* **What needs to be done**:
Retype every entry word for word.

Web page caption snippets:
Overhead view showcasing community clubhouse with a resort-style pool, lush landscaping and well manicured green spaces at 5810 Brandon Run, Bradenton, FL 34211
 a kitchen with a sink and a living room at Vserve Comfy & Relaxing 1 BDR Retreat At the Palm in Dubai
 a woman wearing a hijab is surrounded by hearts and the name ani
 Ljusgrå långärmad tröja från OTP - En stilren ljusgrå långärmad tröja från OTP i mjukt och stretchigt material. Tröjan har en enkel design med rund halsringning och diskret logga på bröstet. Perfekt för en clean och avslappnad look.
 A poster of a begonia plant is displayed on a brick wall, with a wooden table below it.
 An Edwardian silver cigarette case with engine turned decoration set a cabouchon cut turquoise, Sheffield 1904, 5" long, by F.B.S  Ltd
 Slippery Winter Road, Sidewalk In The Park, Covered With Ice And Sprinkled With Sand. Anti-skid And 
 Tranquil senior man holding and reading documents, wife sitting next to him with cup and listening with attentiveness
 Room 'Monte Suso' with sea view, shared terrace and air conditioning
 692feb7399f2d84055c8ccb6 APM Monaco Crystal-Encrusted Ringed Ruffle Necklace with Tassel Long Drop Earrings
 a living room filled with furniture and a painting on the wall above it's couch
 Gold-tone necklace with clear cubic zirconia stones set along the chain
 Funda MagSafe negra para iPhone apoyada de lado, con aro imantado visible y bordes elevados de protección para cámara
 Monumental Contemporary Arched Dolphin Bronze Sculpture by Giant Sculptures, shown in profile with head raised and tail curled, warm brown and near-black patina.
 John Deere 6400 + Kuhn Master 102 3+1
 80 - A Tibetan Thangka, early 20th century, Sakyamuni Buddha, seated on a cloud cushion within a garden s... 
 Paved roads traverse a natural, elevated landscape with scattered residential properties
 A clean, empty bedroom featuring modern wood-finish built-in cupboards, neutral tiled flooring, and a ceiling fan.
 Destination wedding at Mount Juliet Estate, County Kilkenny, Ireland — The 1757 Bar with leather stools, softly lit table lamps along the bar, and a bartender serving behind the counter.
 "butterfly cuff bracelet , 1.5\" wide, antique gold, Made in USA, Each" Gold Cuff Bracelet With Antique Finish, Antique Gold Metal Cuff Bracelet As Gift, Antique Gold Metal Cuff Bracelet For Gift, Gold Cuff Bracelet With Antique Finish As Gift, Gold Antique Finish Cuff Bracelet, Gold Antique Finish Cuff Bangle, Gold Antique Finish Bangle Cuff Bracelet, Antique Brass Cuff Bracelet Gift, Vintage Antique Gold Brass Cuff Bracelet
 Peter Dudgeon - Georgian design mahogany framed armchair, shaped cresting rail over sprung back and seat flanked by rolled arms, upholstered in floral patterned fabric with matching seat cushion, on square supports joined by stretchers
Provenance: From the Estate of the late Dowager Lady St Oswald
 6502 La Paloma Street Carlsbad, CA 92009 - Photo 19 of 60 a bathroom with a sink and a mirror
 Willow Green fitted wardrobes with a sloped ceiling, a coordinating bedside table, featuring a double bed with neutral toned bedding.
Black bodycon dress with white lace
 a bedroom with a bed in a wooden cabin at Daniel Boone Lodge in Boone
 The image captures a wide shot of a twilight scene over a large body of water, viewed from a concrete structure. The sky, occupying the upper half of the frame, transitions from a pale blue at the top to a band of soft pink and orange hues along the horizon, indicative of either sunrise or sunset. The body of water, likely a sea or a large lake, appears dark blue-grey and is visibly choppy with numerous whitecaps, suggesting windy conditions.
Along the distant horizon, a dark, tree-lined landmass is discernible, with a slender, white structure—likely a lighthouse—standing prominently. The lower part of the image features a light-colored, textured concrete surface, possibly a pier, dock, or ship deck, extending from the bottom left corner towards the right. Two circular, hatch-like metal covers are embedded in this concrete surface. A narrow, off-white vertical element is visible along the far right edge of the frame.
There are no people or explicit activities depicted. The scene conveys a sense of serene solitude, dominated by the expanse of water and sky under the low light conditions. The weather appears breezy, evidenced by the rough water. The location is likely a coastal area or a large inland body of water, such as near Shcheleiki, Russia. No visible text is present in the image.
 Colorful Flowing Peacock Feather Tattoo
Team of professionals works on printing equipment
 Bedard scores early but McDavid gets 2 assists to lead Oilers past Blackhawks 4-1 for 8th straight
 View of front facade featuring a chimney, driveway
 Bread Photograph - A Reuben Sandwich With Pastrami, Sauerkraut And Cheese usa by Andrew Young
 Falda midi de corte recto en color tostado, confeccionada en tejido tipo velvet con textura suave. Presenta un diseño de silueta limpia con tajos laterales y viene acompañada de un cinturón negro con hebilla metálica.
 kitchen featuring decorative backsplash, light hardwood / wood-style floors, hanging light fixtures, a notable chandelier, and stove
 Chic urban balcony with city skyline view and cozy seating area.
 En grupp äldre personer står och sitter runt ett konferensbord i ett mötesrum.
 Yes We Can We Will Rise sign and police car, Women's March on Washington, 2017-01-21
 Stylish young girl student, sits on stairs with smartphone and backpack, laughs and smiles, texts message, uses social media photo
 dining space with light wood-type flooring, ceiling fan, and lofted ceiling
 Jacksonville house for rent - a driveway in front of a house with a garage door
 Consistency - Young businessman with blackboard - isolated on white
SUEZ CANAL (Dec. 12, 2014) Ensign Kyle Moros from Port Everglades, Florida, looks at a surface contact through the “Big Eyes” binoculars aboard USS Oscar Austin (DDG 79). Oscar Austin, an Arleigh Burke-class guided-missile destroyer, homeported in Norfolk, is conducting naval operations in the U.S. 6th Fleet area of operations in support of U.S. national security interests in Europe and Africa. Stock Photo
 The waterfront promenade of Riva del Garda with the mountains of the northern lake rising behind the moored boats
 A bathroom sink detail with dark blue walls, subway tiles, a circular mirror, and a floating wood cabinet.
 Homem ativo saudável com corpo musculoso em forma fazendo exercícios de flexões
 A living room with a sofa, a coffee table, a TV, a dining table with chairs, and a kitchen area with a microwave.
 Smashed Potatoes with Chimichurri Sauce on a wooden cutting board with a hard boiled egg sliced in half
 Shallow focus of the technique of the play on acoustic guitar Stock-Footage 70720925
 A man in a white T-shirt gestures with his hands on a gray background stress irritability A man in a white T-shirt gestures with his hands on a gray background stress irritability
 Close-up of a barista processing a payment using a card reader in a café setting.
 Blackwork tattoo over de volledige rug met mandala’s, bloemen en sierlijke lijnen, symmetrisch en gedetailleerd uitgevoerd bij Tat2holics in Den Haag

* **Worked solution**:
Overhead view showcasing community clubhouse with a resort-style pool, lush landscaping and well manicured green spaces at 5810 Brandon Run, Bradenton, FL 34211
 a kitchen with a sink and a living room at Vserve Comfy & Relaxing 1 BDR Retreat At the Palm in Dubai
 a woman wearing a hijab is surrounded by hearts and the name ani
 Ljusgrå långärmad tröja från OTP - En stilren ljusgrå långärmad tröja från OTP i mjukt och stretchigt material. Tröjan har en enkel design med rund halsringning och diskret logga på bröstet. Perfekt för en clean och avslappnad look.
 A poster of a begonia plant is displayed on a brick wall, with a wooden table below it.
 An Edwardian silver cigarette case with engine turned decoration set a cabouchon cut turquoise, Sheffield 1904, 5" long, by F.B.S  Ltd
 Slippery Winter Road, Sidewalk In The Park, Covered With Ice And Sprinkled With Sand. Anti-skid And 
 Tranquil senior man holding and reading documents, wife sitting next to him with cup and listening with attentiveness
 Room 'Monte Suso' with sea view, shared terrace and air conditioning
 692feb7399f2d84055c8ccb6 APM Monaco Crystal-Encrusted Ringed Ruffle Necklace with Tassel Long Drop Earrings
 a living room filled with furniture and a painting on the wall above it's couch
 Gold-tone necklace with clear cubic zirconia stones set along the chain
 Funda MagSafe negra para iPhone apoyada de lado, con aro imantado visible y bordes elevados de protección para cámara
 Monumental Contemporary Arched Dolphin Bronze Sculpture by Giant Sculptures, shown in profile with head raised and tail curled, warm brown and near-black patina.
 John Deere 6400 + Kuhn Master 102 3+1
 80 - A Tibetan Thangka, early 20th century, Sakyamuni Buddha, seated on a cloud cushion within a garden s... 
 Paved roads traverse a natural, elevated landscape with scattered residential properties
 A clean, empty bedroom featuring modern wood-finish built-in cupboards, neutral tiled flooring, and a ceiling fan.
 Destination wedding at Mount Juliet Estate, County Kilkenny, Ireland — The 1757 Bar with leather stools, softly lit table lamps along the bar, and a bartender serving behind the counter.
 "butterfly cuff bracelet , 1.5\" wide, antique gold, Made in USA, Each" Gold Cuff Bracelet With Antique Finish, Antique Gold Metal Cuff Bracelet As Gift, Antique Gold Metal Cuff Bracelet For Gift, Gold Cuff Bracelet With Antique Finish As Gift, Gold Antique Finish Cuff Bracelet, Gold Antique Finish Cuff Bangle, Gold Antique Finish Bangle Cuff Bracelet, Antique Brass Cuff Bracelet Gift, Vintage Antique Gold Brass Cuff Bracelet
 Peter Dudgeon - Georgian design mahogany framed armchair, shaped cresting rail over sprung back and seat flanked by rolled arms, upholstered in floral patterned fabric with matching seat cushion, on square supports joined by stretchers
Provenance: From the Estate of the late Dowager Lady St Oswald
 6502 La Paloma Street Carlsbad, CA 92009 - Photo 19 of 60 a bathroom with a sink and a mirror
 Willow Green fitted wardrobes with a sloped ceiling, a coordinating bedside table, featuring a double bed with neutral toned bedding.
Black bodycon dress with white lace
 a bedroom with a bed in a wooden cabin at Daniel Boone Lodge in Boone
 The image captures a wide shot of a twilight scene over a large body of water, viewed from a concrete structure. The sky, occupying the upper half of the frame, transitions from a pale blue at the top to a band of soft pink and orange hues along the horizon, indicative of either sunrise or sunset. The body of water, likely a sea or a large lake, appears dark blue-grey and is visibly choppy with numerous whitecaps, suggesting windy conditions.
Along the distant horizon, a dark, tree-lined landmass is discernible, with a slender, white structure—likely a lighthouse—standing prominently. The lower part of the image features a light-colored, textured concrete surface, possibly a pier, dock, or ship deck, extending from the bottom left corner towards the right. Two circular, hatch-like metal covers are embedded in this concrete surface. A narrow, off-white vertical element is visible along the far right edge of the frame.
There are no people or explicit activities depicted. The scene conveys a sense of serene solitude, dominated by the expanse of water and sky under the low light conditions. The weather appears breezy, evidenced by the rough water. The location is likely a coastal area or a large inland body of water, such as near Shcheleiki, Russia. No visible text is present in the image.
 Colorful Flowing Peacock Feather Tattoo
Team of professionals works on printing equipment
 Bedard scores early but McDavid gets 2 assists to lead Oilers past Blackhawks 4-1 for 8th straight
 View of front facade featuring a chimney, driveway
 Bread Photograph - A Reuben Sandwich With Pastrami, Sauerkraut And Cheese usa by Andrew Young
 Falda midi de corte recto en color tostado, confeccionada en tejido tipo velvet con textura suave. Presenta un diseño de silueta limpia con tajos laterales y viene acompañada de un cinturón negro con hebilla metálica.
 kitchen featuring decorative backsplash, light hardwood / wood-style floors, hanging light fixtures, a notable chandelier, and stove
 Chic urban balcony with city skyline view and cozy seating area.
 En grupp äldre personer står och sitter runt ett konferensbord i ett mötesrum.
 Yes We Can We Will Rise sign and police car, Women's March on Washington, 2017-01-21
 Stylish young girl student, sits on stairs with smartphone and backpack, laughs and smiles, texts message, uses social media photo
 dining space with light wood-type flooring, ceiling fan, and lofted ceiling
 Jacksonville house for rent - a driveway in front of a house with a garage door
 Consistency - Young businessman with blackboard - isolated on white
SUEZ CANAL (Dec. 12, 2014) Ensign Kyle Moros from Port Everglades, Florida, looks at a surface contact through the “Big Eyes” binoculars aboard USS Oscar Austin (DDG 79). Oscar Austin, an Arleigh Burke-class guided-missile destroyer, homeported in Norfolk, is conducting naval operations in the U.S. 6th Fleet area of operations in support of U.S. national security interests in Europe and Africa. Stock Photo
 The waterfront promenade of Riva del Garda with the mountains of the northern lake rising behind the moored boats
 A bathroom sink detail with dark blue walls, subway tiles, a circular mirror, and a floating wood cabinet.
 Homem ativo saudável com corpo musculoso em forma fazendo exercícios de flexões
 A living room with a sofa, a coffee table, a TV, a dining table with chairs, and a kitchen area with a microwave.
 Smashed Potatoes with Chimichurri Sauce on a wooden cutting board with a hard boiled egg sliced in half
 Shallow focus of the technique of the play on acoustic guitar Stock-Footage 70720925
 A man in a white T-shirt gestures with his hands on a gray background stress irritability A man in a white T-shirt gestures with his hands on a gray background stress irritability
 Close-up of a barista processing a payment using a card reader in a café setting.
 Blackwork tattoo over de volledige rug met mandala’s, bloemen en sierlijke lijnen, symmetrisch en gedetailleerd uitgevoerd bij Tat2holics in Den Haag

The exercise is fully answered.